Passato professionista nel 2012, non sono mancati gli inconvenienti fisici, a partire da una forte miopia (risolta), passando per i problemi di peso, ormai una variabile fondamentale dell’ipertecnologico e aereodinamico ciclismo contemporaneo: in effetti, Colbrelli ha dovuto sottoporsi ad alcune diete rigide, non senza ricadute mentali.

Velocista atipico, specializzatosi nelle classiche, la prima vittoria da “Pro” arriva nel 2014, in maglia Bardiani CSF, nella seconda tappa del Tour of Slovenia 2014.

Del 2016, tra le altre cose, vanno segnalate la nona piazza alla Milano-Sanremo e la terza nell’Amstel Gold Race vinta da Enrico Gasparotto, che bissava il primato del 2012; nel 2017 il passaggio alla Bahrain-Merida (oggi Bahrain Victorious), squadra nella quale è attualmente in forza.

Nonostante un palmares non certo esiguo, nel quale figurano belle affermazioni sia in campo nazionale (la Coppa Sabatini 2014 e 2016; la Coppa Agostoni 2016; la Tre Valli Varesine 2016; la Coppa Bernocchi 2017; il Gran Piemonte 2018) che internazionale (tappe conquistate alla Parigi-Nizza, al Giro di Romandia, al Giro del Delfinato; la Freccia del Brabante 2017), la sensazione rimaneva quello del corridore incompiuto, di un atleta che al di là di successici sporadici non riusciva ad esplodere mai del tutto.

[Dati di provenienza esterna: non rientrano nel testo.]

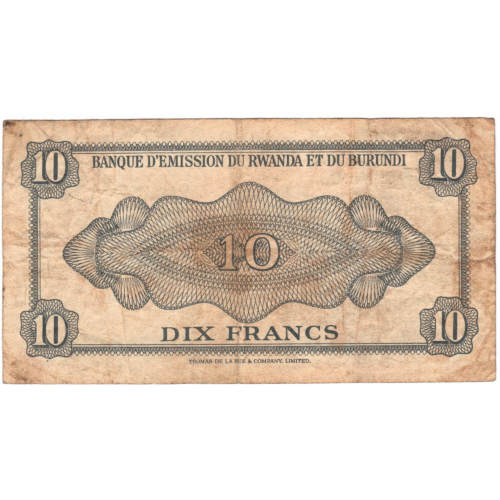 rwanda burundi 10 francs 1960 revers 092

Per di più, una infinità tra secondi posti (75!) e piazzamenti, ne avevano legittimato lo status di eterno piazzato, nomea che aveva iniziato a perseguitarlo, anche perché in diverse occasioni la vittoria era sfumata proprio quando Colbrelli vestiva i gradi di capitani, avendo l’intera squadra al servizio.

E invece, come un colpo di spugna sulle amarezze, sulle delusioni, sulle malinconie, ecco arrivare il magico 2021: Campione italiano (dopo il bronzo del 2019 e l’argento del 2020), europeo e vincitore alla Roubaix di domenica scorsa in maglia di Campione europeo (in questa classica l’ultima vittoria italiana risaliva al 1999, quando, in maglia “Mapei” tricolore, aveva vinto per distacco Andrea Tafi); insomma, una gran bella storia di sport.

Peccato solo per il decimo posto nell’ultimo Mondiale, nella Fiandre, il quale forse si sarebbe potuto correre diversamente; alla fine comunque questo insuccesso, specialmente se messo a sistema e confrontato con l’andamento stagionale, appare addirittura accettabile.

Certo: per il ciclismo nostrano non sono certo gli anni ‘90/primi 2000, quando con i vari Argentin, Bugno, Bartoli, Ballerini, Tafi, Cipollini, Petacchi, Ballan, Cunego (limitandoci alle classiche), gli italiani partivano necessariamente nel novero dei grandi favoriti, rispettando pressoché puntualmente le aspettative ma in ogni caso, al di là di ogni retorica, è bello ed emozionante che il nostro movimento ciclistico sia tornato a vivere delle giornate di gloria, come era stato per il trionfo in solitaria di Alberto Bettiol nel Giro delle Fiandre 2019, immaginandosi di nuovo “grande” e senza dover per forza sottostare alla nostalgia per i bei tempi che furono.